= GIVEN DATA =
▬▬▬▬▬▬
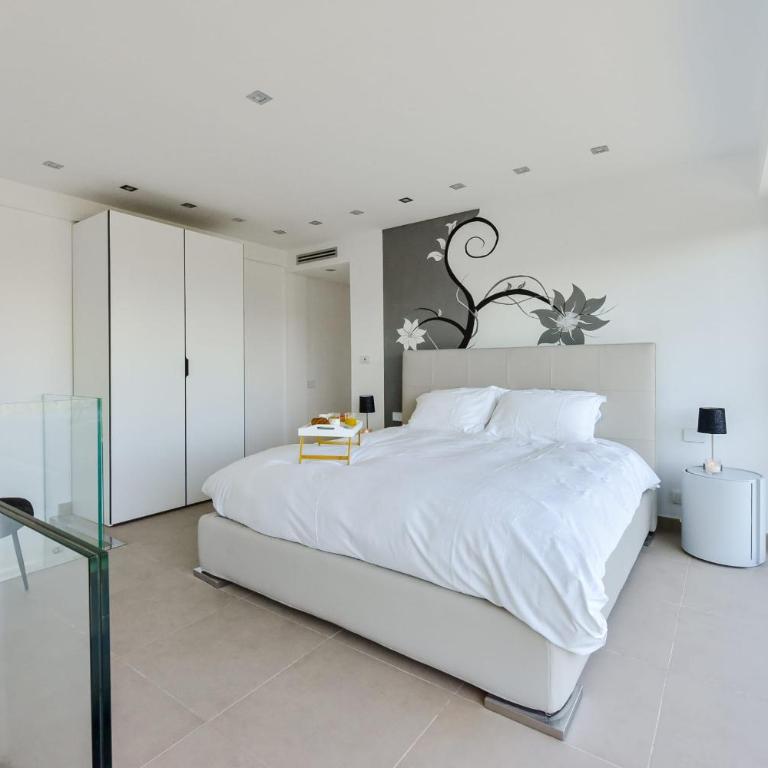 Architect-Designed Villa with Heated Pool for 10 Guests! - Villa - 14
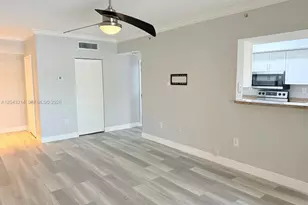 100 SW 117th Terrace, Pembroke Pines, FL 33025 - Photo 3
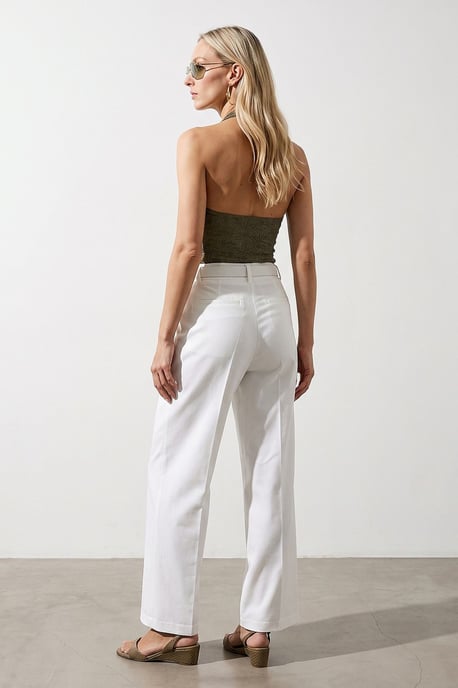 Weite Bundfalten-Crepe-Hose mit Gürtel - Image 3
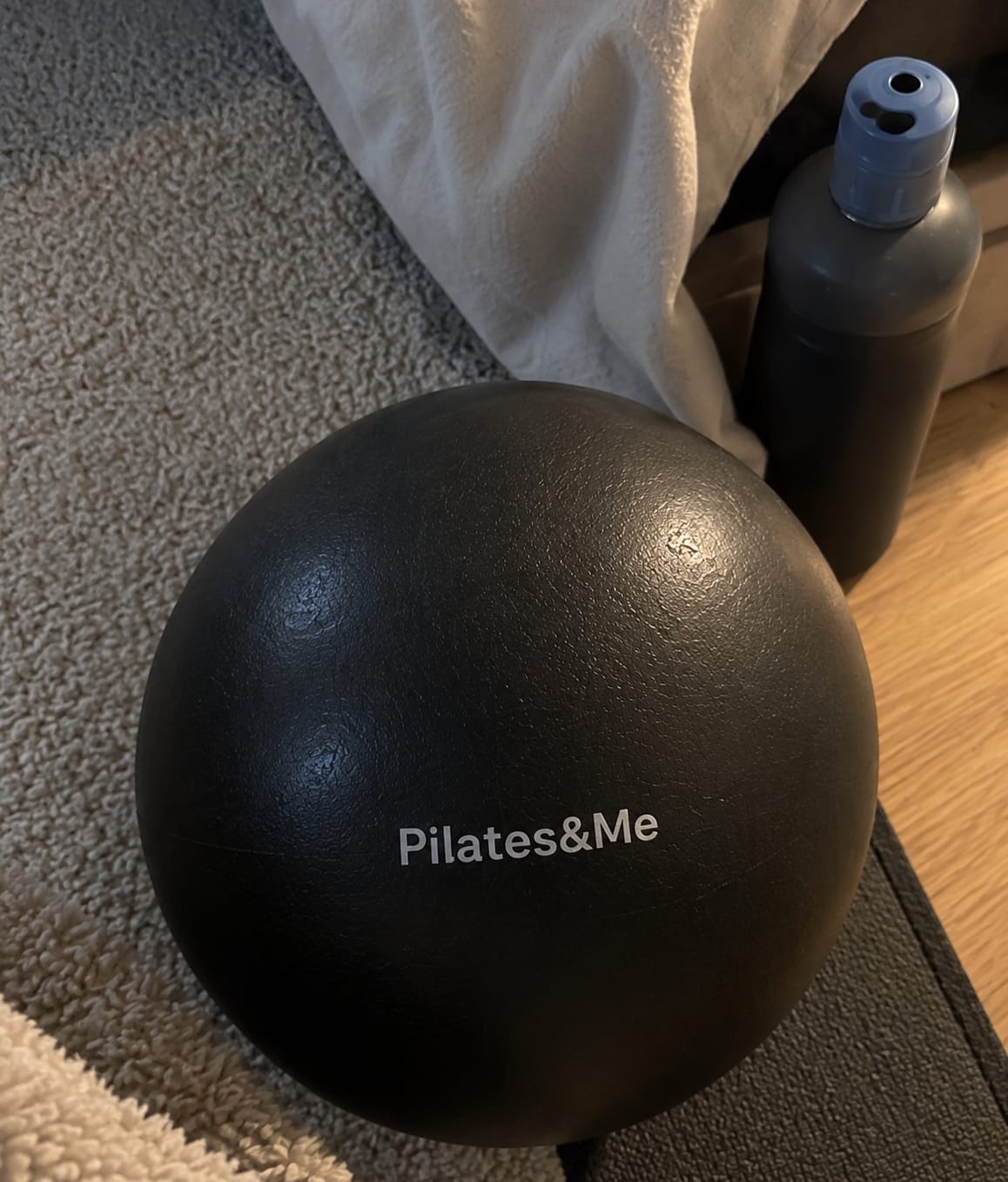 Customer photo review of Ballon de pilates Noir 25cm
▬▬▬▬▬▬
= TASK =
Set down again, exactly, the lines from the one with "Weite Bundfalten-Crepe-Hose mit" to the last line of the data, both included and pictures excluded.

= SOLVED PROBLEM =
 Weite Bundfalten-Crepe-Hose mit Gürtel - Image 3
 Customer photo review of Ballon de pilates Noir 25cm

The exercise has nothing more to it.